Chairman of Bus Users, the Rt Hon Norman Baker, welcomed the decision to maintain BSOG.
He said: “This is great news for bus services and for passengers. Cutting the BSOG would have led to fare increases and further cuts to services, causing particular hardship to vulnerable people and people on low incomes.”
Stephen Joseph, Chief Executive of Campaign for Better Transport, said: “The Chancellor’s focus remains squarely on ever more infrastructure, often at the expense of vital everyday transport.
“While Mr Osborne dons his hi-vis jacket and hard hat at big construction projects, bus services continue to be lost and high impact investment in walking and cycling is scaled back.
“The Chancellor’s claim that ‘We are the builders’ will be meaningless for people finding it harder to get to work, school and town centres because their cash-strapped local authority can’t support a bus service.
“It’s great that the Government has allocated funding to develop smart ticketing in the North of England, but this is needed all over the country.
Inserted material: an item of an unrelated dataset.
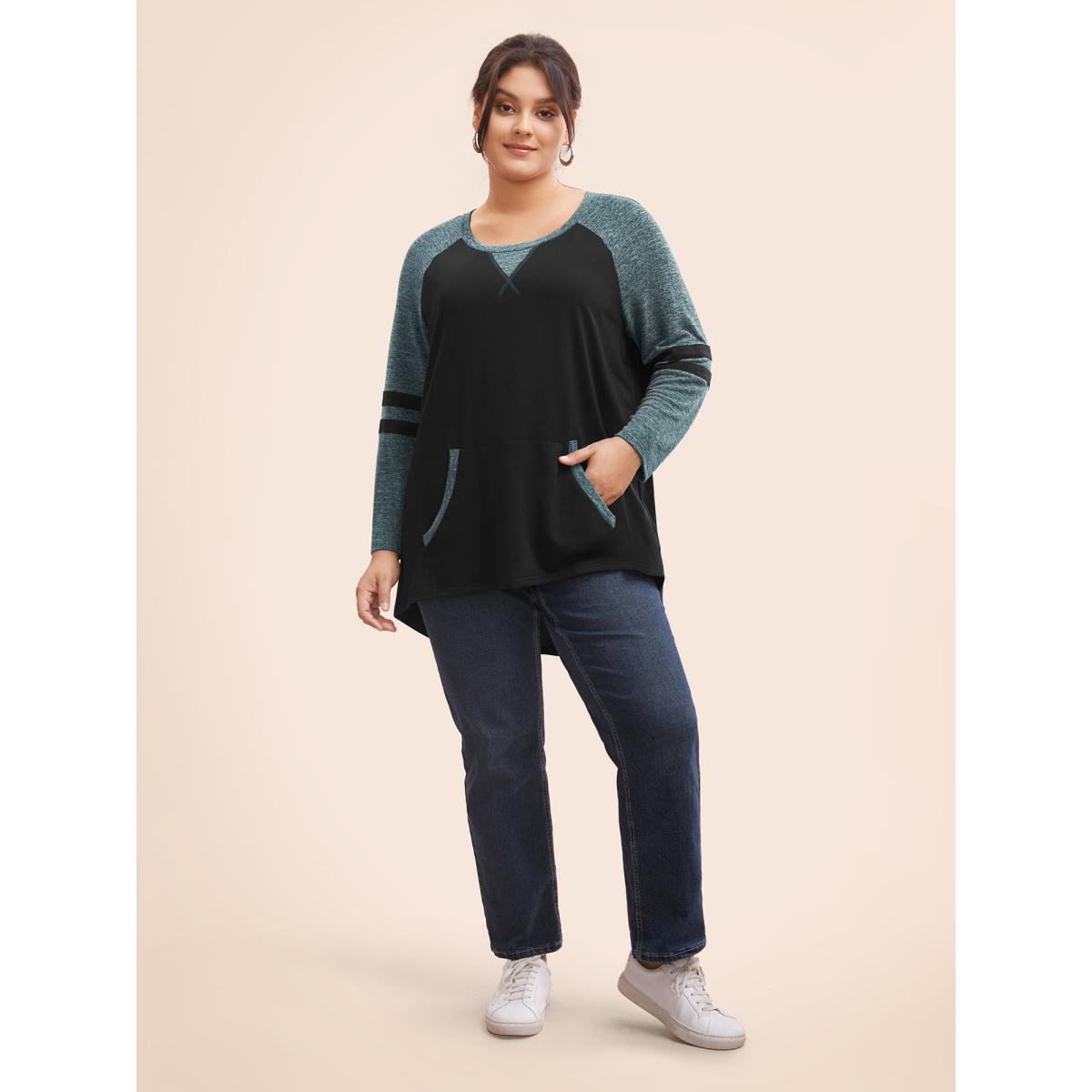 Plus Size Striped Contrast Pocket Raglan Sleeve High Low Hem Sweatshirt Women DarkBlue Casual Contrast Round Neck Everyday Sweatshirts BloomChic 22-24/3X Product Image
The lack of real roll out of flexible ticketing for part time workers nationwide is also a disappointment despite assurances that schemes will be included in future rail franchises.”
An SMMT spokesman said: “Government engagement with industry has been fundamental to the recent success and global competitiveness of UK automotive, so today’s commitment by the Chancellor to a long-term industrial strategy for the sector is encouraging.
“More specifically, we were pleased to see the Chancellor heed SMMT’s call for increased investment in Catapult Centres and the extension of funding for the Advanced Propulsion Centre (APC) – both of which are vital to securing the UK’s position as a global centre of excellence for innovation.
“Meanwhile, the renewed support for ULEVs will help maintain the UK’s position as Europe’s fastest growing market for these new technologies.”
Claire Haigh of Greener Journeys said: “The Chancellor is absolutely right to protect the Bus Service Operators Grant (BSOG) in his Spending Review.
“Greener Journeys has clearly demonstrated that the Grant delivers very high value for money, generating up to £3.50 in net economic benefit for every £1 spent, so of course it is a relief that such vital funding has been preserved.
“However, the deep and widespread cuts to local authority funding mean that bus services may still be under threat. Buses provide a crucial service in keeping people connected to their families, jobs, communities and training opportunities, so it is vital that wider bus funding is also protected over the course of the next Parliament.”